В составе творческой группы находился известный советский поэт Олег Поскребышев. Он впервые очутился за Полярным кругом, и видно было, как он «впитывал» в себя все увиденное и услышанное. Когда выдавались свободные часы, чаще всего по вине нелетной погоды, Олег Алексеевич доставал ручку, блокнот и торопливо набрасывал что-то. Через два месяца в редакцию из Устинова пришел пакет: «После командировки на Север у меня написался цикл стихотворений (обычно из поездок я не привожу ничего, да и вообще не люблю работать по мимолетным впечатлениям).
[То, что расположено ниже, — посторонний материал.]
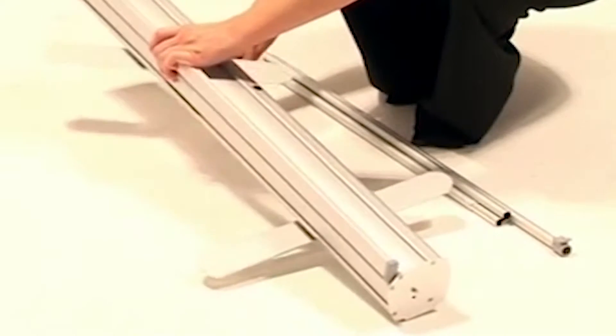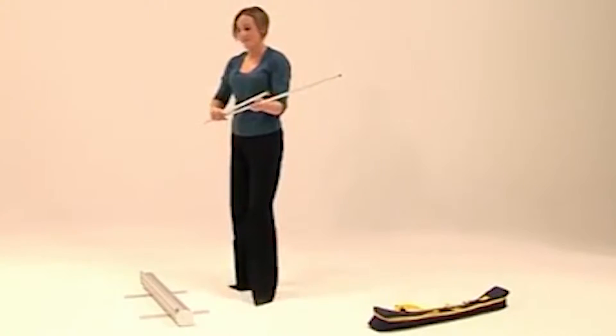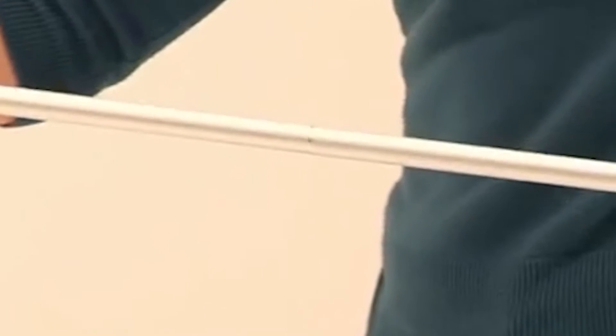There are two feet to increase stability on uneven floors. The spring-loaded poles push fit together to create a central mast.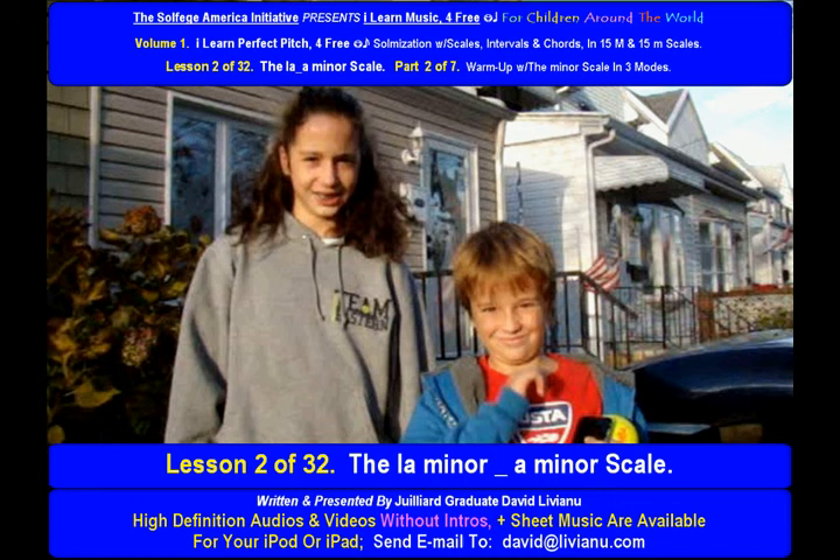Lesson 2 of 32. The La Minor, A Minor Scale. Part 2 of 7.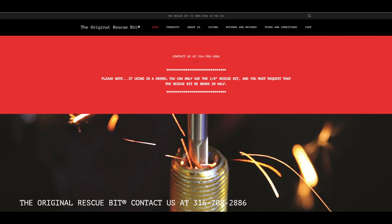I'll put a link to where you can find this in the video description. But if you go to originalrescuebit.com, there's a phone number there. If you call it, you'll probably end up talking to Mike himself, the inventor of this tool. He will tell you exactly how to use it for your situation — super nice guy, and the tool works. I was impressed. So I hope you find this video helpful, and as always, thanks for watching — I'll catch you on the next one.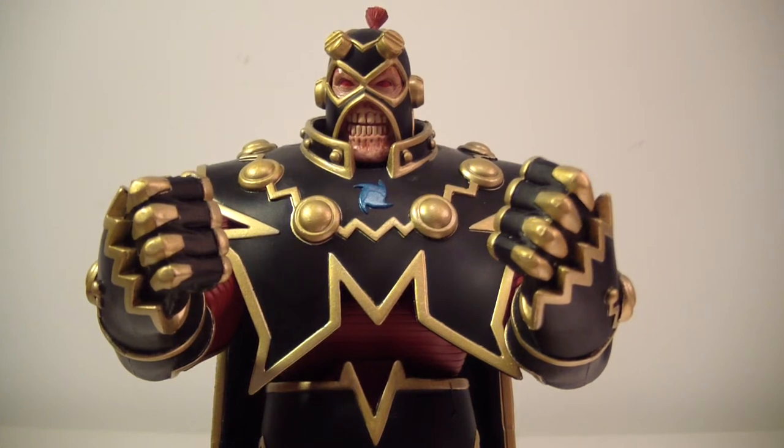Hello there everybody, this is ODC — that's me — and I'm back with another action figure review. This is my review of the DC Universe Classics Collect and Connect Wave 10 Imperiax figure.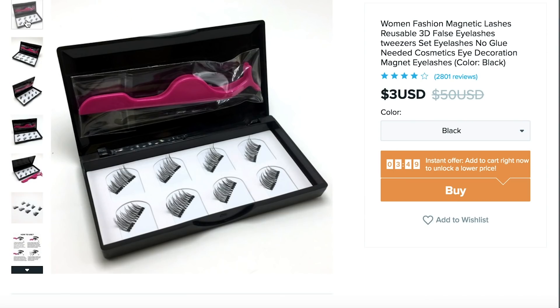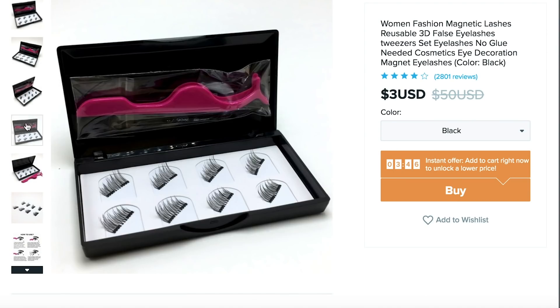Let's read the directions. You hold up the lashes, show them to the people, I'll read the directions. Hold top lash over your eye — let's give it a try. These are not very draggy. I'll put it on you. Hold the top lash over your eye, hold that there. Place the bottom lash under your natural lashes so it meets and connects with the magnet.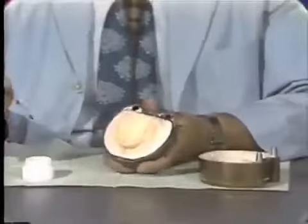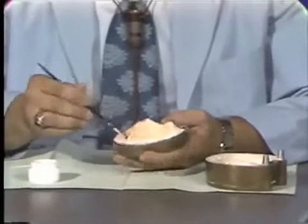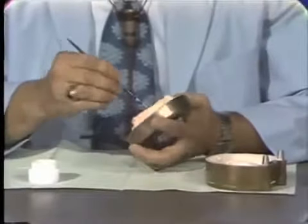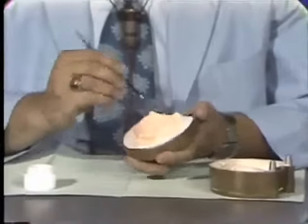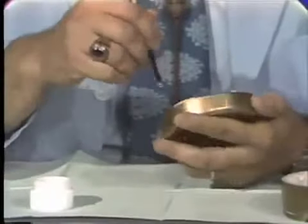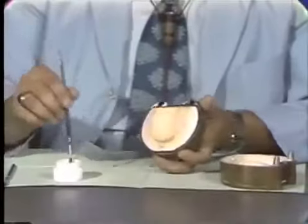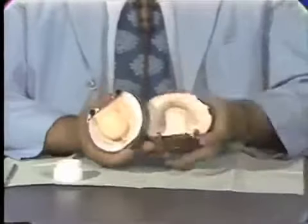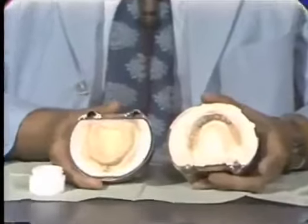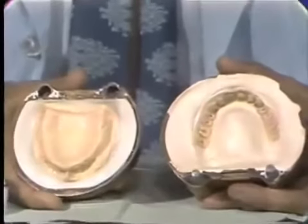Now we'll proceed with the other half of our mold. This half is very easy to do — you simply coat all the surfaces. Before alginate separators were available, it was much more difficult because we had to tin foil all the surfaces of the denture that we did not want the acrylic to adhere to. It was much more time consuming and really didn't do as good a job as the alginate separators. We have now applied the separating media to both halves of the flask, and I will leave for a few minutes while this is drying and we will come back and pack the maxillary denture.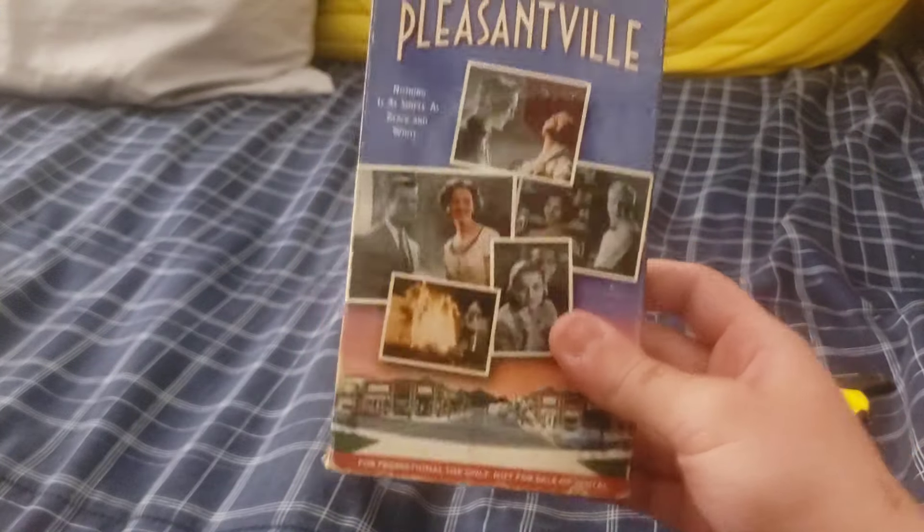It's the movie Pleasantville. This was an item on my want list — not this specific copy, because as you can see, this is a demo or promotional VHS. This was a movie on my want list that I never mentioned to any of you guys, maybe to a select few people on Discord. This is a demo VHS with an ink label dated January 19th, 1999. It's one of the few screener promotional demo tapes I have in my collection now, so that's really cool.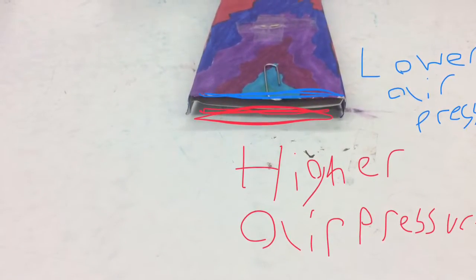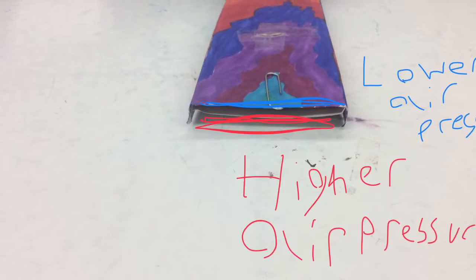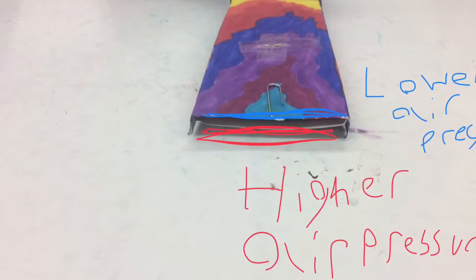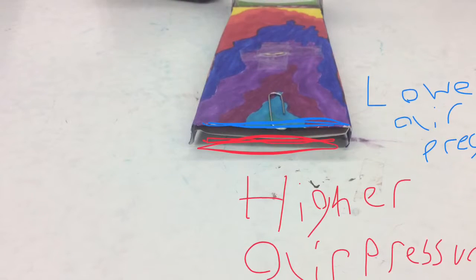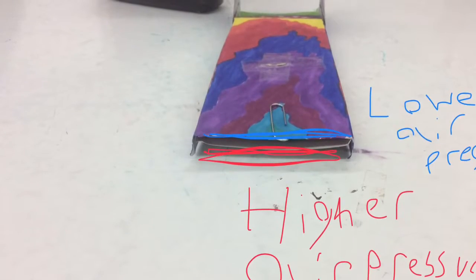In this demonstration, higher air pressure is marked in red. The higher air pressure is on the bottom which has a lower speed, and low air pressure is on the top which has a greater speed. This causes lift, which is what makes the skimmer hover off the ground until it reaches its access point.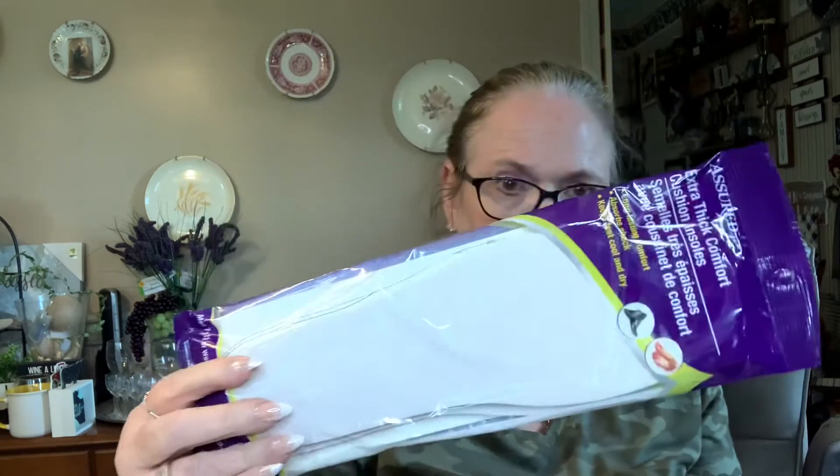I thought I'd give these a try — they're Sure extra thick comfort cushion insoles: long-lasting comfort, absorbs shocks, keeps feet cool and dry. My husband gave me a pair of duck boots for Christmas and the insole in them bunches up when I wear them, so I thought I'd give these a try.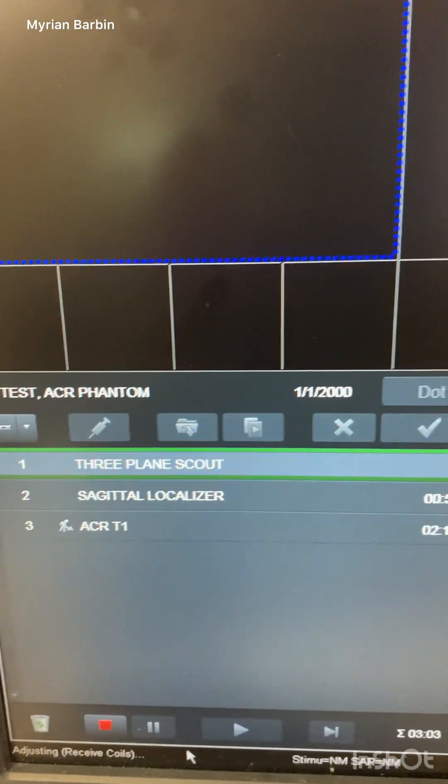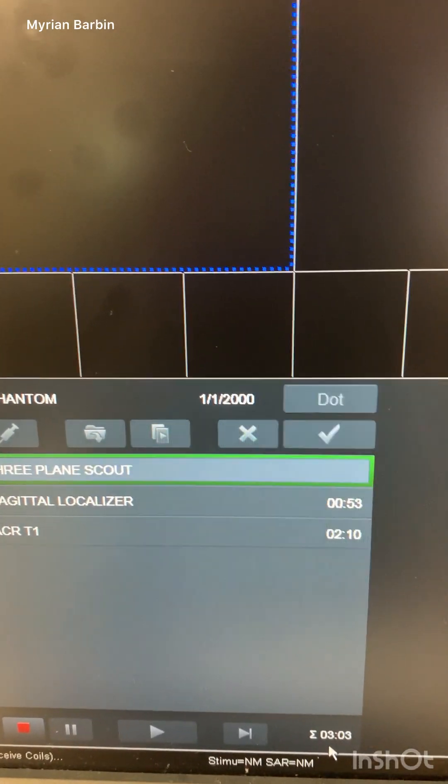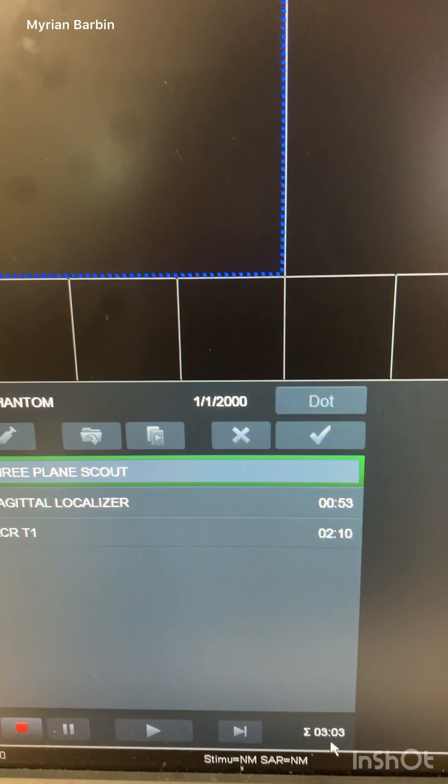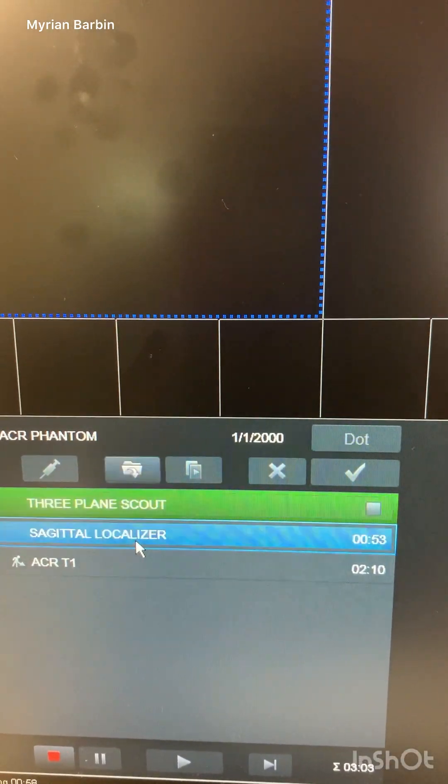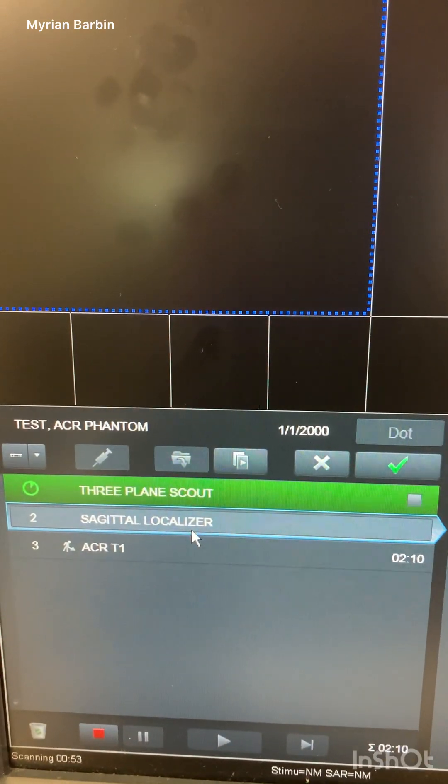The three-plane scout is coming up now. It takes about a minute to perform. After it completes, I'm going to go ahead and pull up the sagittal localizer.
Видимо, эта поездка была особенной для души, как-то особенно легко дышалось мне».
Предлагаем читателям стихи Олега Поскребышева.
Станислав МЕШАВКИН
ТАКАЯ РАБОТА .
Как голодные просят хлеба,
Хоть краюшку,
Хоть ломоток,
Вертолетчики —
Чтобы небо
Чуть приподняло потолок.
Им, извозчикам черной тундры,
Снова дело велит в заезд.
Но без неба не то что трудно —
Без него им совсем зарез.
Облака — все плотней и ниже,
Ниже труб,
Тяжелей тоски.
Море Карское жадно лижет
Их чугунные завитки.
Стужа дыбится все грознее,
Ночь полярная —
Грозовей.
Сжатый ею и слитый с нею,
Сипло дышит Харасевзй,
Треплет вышки ветрище жуткий,
Небо —
Черной горе под стать.
Ну, хоть часика два бы в сутки
Для полетов суметь урвать!
Но зато уж,
Чуть в тяжком беге
Пораздзинутся облака,
Рухнут грузы в нутро телеги,
Загрохочут в ее бока.
Разом схлынет оцепененье:
Взлет…
Посадка…
Скорей, скорей…
Нету времени — есть мгновенья,
Эй, в работе себя согрей!
Снова грузы грохочут.
Баста! ?
Кто там, голову береги!
…И опять лошадей гривастых
В небо вздыбили ездоки.
БУРОВАЯ
Тут давай ломи сплеча,
Все отдай — ке будет лишка.
Как оплывшая свеча,
В ледяных наростах вышка.
Вкруг нее пургу взбодрив,
Лезет ветер вон из кожи
С испытаньем на разрыв
И на скручиванье тоже,
Тут работать — значит, сметь,
А посмев — не отступиться,
Уж какой ни рыщет смерч
Вместе с вьюгою-волчицей.
Неудача не убьет,
С неполадок — не заплачут;
Кожа с рук — вновь нарастет,
Хруст в спине — а как иначе!
Молодые — ох, народ! —
Люты в деле беззаветном.
В глубь земную бур идет
Сантиметр за сантиметром.
И в глазах у всех вопрос:
«Ну да скоро ль ты? Да где ж ты?»
Холодит сердца мороз,
Греет солнышко надежды.
Тут, брат, попросту нельзя —
Так да сяк да понемногу.
На себя такое взяв,
Эти парни — могут… могут!..
Д. Лившицу
Над белой Обскою губой,
Почти по краю света,
Мы тундрой шли от буровой
В недальнюю Сабетту;
Шли,
Сами захотев тот путь
Ногами перемерить,
Чтоб ветра крепкого хлебнуть,
Чтоб оглядеть весь берег.
Поразомнемся в самый раз!
— Эгей, вперед, мужчины! —
Мы шли —
И обгоняли нас
Попутные машины,
И помнится —
Любой шофер —
Сквозь куржавину-проседь,
Притормозив,
Кричал в упор:
— Не надо ли подбросить?..
Ну, спросит,
Ну, чего, кажись!
Кажись, велико ль дело?!
Но становилась краше жизнь
И что-то в стужу грело.
ВАХТОВЫЙ САМОЛЕТ
Снежной холстиной поле взлетное распласталось,
И самолет рванулся — тяжек, широкоскул…
Он поднимает в небо многих людей усталость.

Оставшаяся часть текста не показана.